= Brennabor Typ P =

First car introduced by Brennabor

The Brennabor Typ P, launched in 1919, is the first car introduced by the Brennabor company after the First World War. For a few years in the early 1920s this middle market model, with production reaching 100 units per day just for the domestic market, took the company to the top of the German auto-sales charts.

The car was powered by a 4-cylinder side-valve engine of 2.1 litres, mounted ahead of the driver and delivering 24 hp at 2,400 rpm. Power was delivered to the rear wheels through an asbestos lined clutch and a four-speed gear box controlled with a gear lever mounted outside the passenger area, directly to the right of the driver's seat. (As was normal at this time, the driver sat on the right-hand side of the car.)

The car sat on a U-profile pressed steel chassis with rigid axles and semi-elliptical leaf springing. It came as a P6 version with a six-seater open-topped body or as a P11, featuring a more sporty open-topped four-seater body.
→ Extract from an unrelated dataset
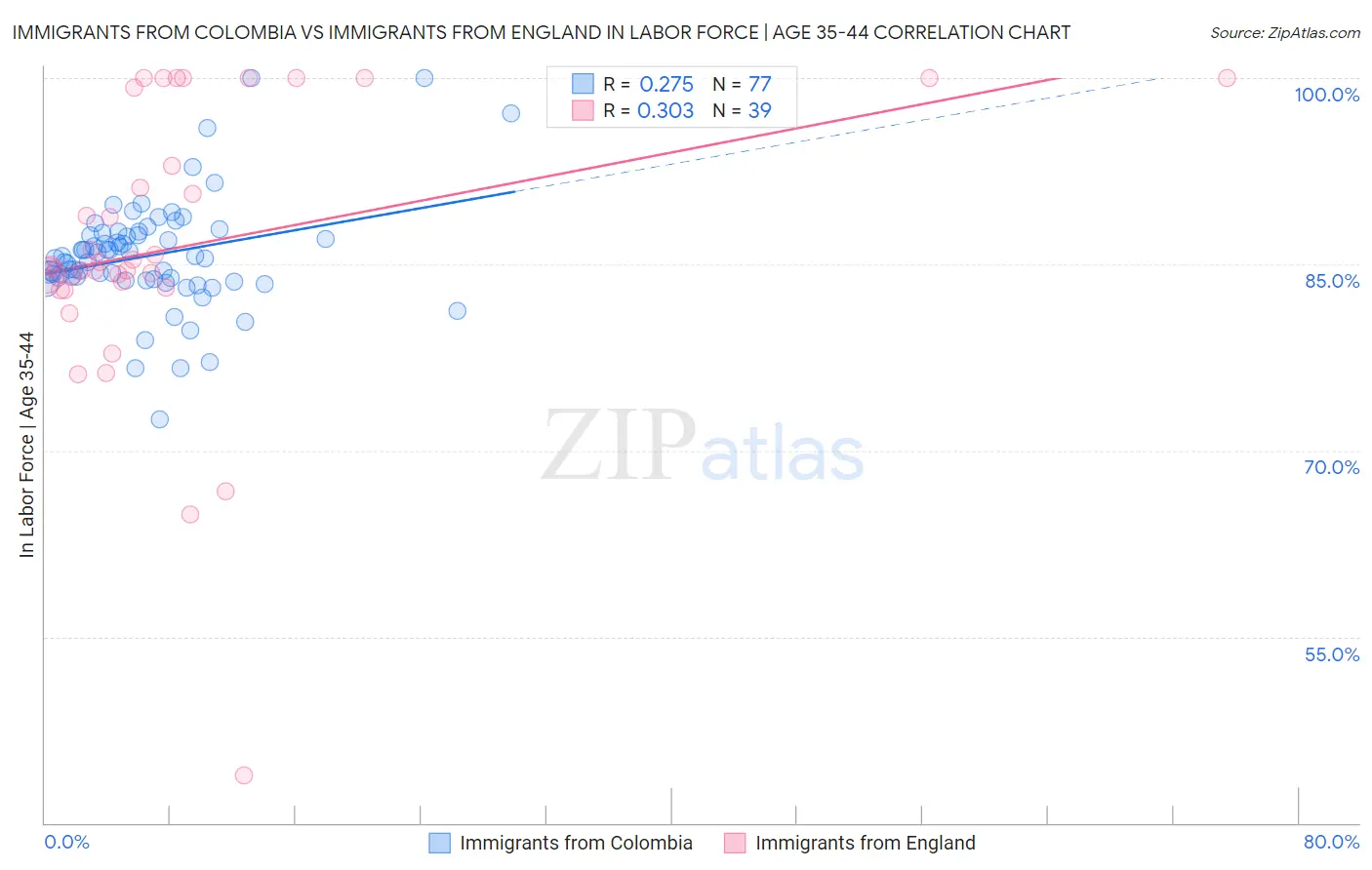 Immigrants from Colombia vs Immigrants from England In Labor Force | Age 35-44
The mechanically linked foot brake operated on the drive shaft, while the hand brake operated directly against the rear wheels.

A successor model, the Brennabor Typ PW, appeared in 1925. This shared the 2.1-litre engine of the earlier Typ P, but claimed maximum power was increased to 32 hp, achieved, now, at 2,600 rpm. The gear lever was relocated from the right hand edge of the car to a central floor-mounted position, which necessitated changing gear with the left hand, since the driver continued to be conventionally positioned on the right-hand side of the car. The wheelbase was unchanged, but the standard bodies were nevertheless a little longer than on the previous model.

A third body style joined the existing two, as the Typ P was now offered, as the P15, with a four-door body.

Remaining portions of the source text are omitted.